Le progrès dans la conscience de l’histoire esclavagiste est définitivement acquis à la Martinique. C’est, bien là, la spécification éthique du peuple martiniquais. Cependant, la recherche d’un commun dénominateur, entre nègres et békés, crée délibérément la conscience d’une société sans conscience collective. Le moindre problème social se ramène à des principes de proportionnalité. Il n’y a pas de solution vers l’unité de la communauté ! Pas d’unité du corps social dans son ensemble, du fait du poids historique très lourd de l’esclavage. Le dernier politicien héros de la CTM, de droite, de gauche, ou indépendantiste, qu’il soit président ou conseiller exécutif, est chaque jour plus soucieux de construire sa propre image de gouvernant dogmatique, pour les générations à venir, comme exemplaire de « godillot » sur papier imprimé de l’alliance de gestion, que de chercher à unir les Martiniquais sur un minimum doctrinal.
Mais par quel moyen ? En avançant toujours leurs intérêts de militants tourmentés à entretenir la confusion entre le gain historique, et le chantage institutionnel. Chez eux donc, aux assises de leur doux silence pensant, appelant en souvenir les évènements passés, soupirant l’absence de viatiques communs, tel l’opium du peuple, l’émotionnalisme et l’intellectualisme superficiels entraînent ainsi, dans leur sillage, des déviations, des dérives, des désordres, qui empêchent toute conquête et toute réalisation de l’unité martiniquaise, pourtant si utile, par exemple, pour le travail des jeunes au chômage. Il n’y a pas d’erreur plus infortunée en politique que de prendre, pour substances de vie sociale, les oriflammes aux couleurs de l’abîme, d’où sort le peuple martiniquais, ainsi que les supplications et les prières chantées, à l’égard des chaînes brisées, les uns et les autres, venus du fond des temps, dans l’autre règne de la mort.
Certes, étant donné la misère de la condition des jeunes à la Martinique, de tels désordres de gestion, de surcroît monnayés, contrarient, dissimulent, et obscurcissent, dans le monde moderne, la révolution essentielle : l’avènement d’une Collectivité Martiniquaise, de plein exercice, par processus continu de différenciation, selon une relation de plus en plus affirmée d’autonomie, civilement établie, d’après les modes modernes de collaboration de deux pouvoirs.
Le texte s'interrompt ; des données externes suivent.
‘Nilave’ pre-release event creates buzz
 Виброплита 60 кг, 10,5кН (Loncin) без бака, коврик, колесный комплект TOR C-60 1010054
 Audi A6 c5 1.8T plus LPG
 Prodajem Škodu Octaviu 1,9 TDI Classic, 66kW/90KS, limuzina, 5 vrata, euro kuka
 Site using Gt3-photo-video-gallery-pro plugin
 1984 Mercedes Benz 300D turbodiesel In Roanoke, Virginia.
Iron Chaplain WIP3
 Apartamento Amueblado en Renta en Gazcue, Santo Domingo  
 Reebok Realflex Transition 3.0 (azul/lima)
C’est d’abord cela l’idéal historique, qu’il importe de caractériser, pour donner à la Martinique entière le sens plus aigu de la communauté, en tant que peuple, la loi de l’usage commun, et enfin, nègres et békés mêlés, les possibilités conquises, pas à pas, d’accéder aux attributs de souveraineté, que sont un drapeau et un hymne, donc aux avantages de la liberté réelle, dans les structures étatiques, comme partout ailleurs, politiquement et socialement ordonnées au bien commun, dans le sens de la communion patriotique.
Tout le reste, tout ce qui se passe actuellement, sous régime régional, constitue des désordres idéologiques, masquant le chômage des jeunes, les formes actuelles de la propriété industrielle, les sociétés de capitaux, le non-développement du patrimoine martiniquais commun. Dans les perspectives, où la Martinique se trouve placée, il y a une œuvre communautaire à réaliser, ici et maintenant, un contrat de responsabilité collective, conforme à la dignité martiniquaise, toutes races confondues, adapté aussi à la vocation d’un peuple, chaque jour plus héroïque, dont l’oeuvre d’émergence doit prendre naissance, par la loi commune de nous-même, portée par nous-même, donc tous les Martiniquais ensemble, selon une possession progressive des structures sociales, des institutions, des lois, et des énergies de vie économique, toutes orientées vers la réalisation d’une Martinique, s’attachant entièrement à l’accomplissement de la vie personnelle des jeunes martiniquais au chômage. C’est là, et là seule, la vraie nature de l’œuvre commune à accomplir, dès maintenant.